# [Assignment]
Scan the data below for the string "Building". Show every line where it turns up.

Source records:

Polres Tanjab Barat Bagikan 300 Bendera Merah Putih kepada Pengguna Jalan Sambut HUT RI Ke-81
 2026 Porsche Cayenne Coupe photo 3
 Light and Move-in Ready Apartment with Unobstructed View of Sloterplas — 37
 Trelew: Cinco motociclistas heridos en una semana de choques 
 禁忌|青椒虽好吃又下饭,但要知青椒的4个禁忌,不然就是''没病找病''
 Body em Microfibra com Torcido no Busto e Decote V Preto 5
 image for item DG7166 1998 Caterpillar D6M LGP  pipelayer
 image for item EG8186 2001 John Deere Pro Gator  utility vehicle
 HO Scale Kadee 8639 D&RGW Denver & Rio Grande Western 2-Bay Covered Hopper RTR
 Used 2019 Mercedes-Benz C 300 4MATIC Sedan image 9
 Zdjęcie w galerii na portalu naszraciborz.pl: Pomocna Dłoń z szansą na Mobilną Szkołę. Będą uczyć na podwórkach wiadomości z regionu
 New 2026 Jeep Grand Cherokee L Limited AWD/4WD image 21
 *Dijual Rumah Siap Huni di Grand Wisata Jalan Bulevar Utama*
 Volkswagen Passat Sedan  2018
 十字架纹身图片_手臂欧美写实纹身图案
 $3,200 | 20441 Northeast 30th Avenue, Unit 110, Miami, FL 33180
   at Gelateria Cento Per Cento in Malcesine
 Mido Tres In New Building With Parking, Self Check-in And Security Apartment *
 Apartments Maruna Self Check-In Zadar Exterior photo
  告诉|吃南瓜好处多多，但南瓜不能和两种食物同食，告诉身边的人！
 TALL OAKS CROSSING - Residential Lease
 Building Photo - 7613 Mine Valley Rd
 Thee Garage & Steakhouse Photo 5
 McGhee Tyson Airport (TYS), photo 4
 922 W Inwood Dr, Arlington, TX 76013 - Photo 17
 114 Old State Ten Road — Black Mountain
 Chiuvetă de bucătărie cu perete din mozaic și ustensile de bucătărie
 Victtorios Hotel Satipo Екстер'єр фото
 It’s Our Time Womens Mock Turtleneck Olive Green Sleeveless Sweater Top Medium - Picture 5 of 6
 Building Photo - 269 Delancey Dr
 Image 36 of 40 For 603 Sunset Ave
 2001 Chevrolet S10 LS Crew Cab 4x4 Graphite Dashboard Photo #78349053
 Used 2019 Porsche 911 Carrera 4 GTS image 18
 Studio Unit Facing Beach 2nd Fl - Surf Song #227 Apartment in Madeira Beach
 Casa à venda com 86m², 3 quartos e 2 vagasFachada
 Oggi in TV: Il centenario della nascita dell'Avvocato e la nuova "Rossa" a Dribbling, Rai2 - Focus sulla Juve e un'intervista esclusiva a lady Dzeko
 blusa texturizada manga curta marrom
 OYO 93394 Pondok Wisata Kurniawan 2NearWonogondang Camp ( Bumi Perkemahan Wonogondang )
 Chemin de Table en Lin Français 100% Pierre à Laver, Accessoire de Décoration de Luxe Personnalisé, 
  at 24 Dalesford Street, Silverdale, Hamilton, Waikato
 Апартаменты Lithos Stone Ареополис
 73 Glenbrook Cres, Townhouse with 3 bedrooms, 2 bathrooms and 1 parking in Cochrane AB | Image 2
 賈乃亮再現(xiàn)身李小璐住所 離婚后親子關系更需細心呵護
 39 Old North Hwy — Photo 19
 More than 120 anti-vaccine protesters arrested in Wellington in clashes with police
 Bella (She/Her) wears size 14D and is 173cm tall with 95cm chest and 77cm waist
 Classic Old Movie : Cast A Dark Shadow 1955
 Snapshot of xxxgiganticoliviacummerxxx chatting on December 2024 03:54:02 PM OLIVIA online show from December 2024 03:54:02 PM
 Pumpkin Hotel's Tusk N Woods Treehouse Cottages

# [Solution to the problem]
 Mido Tres In New Building With Parking, Self Check-in And Security Apartment *
 Building Photo - 7613 Mine Valley Rd
 Building Photo - 269 Delancey Dr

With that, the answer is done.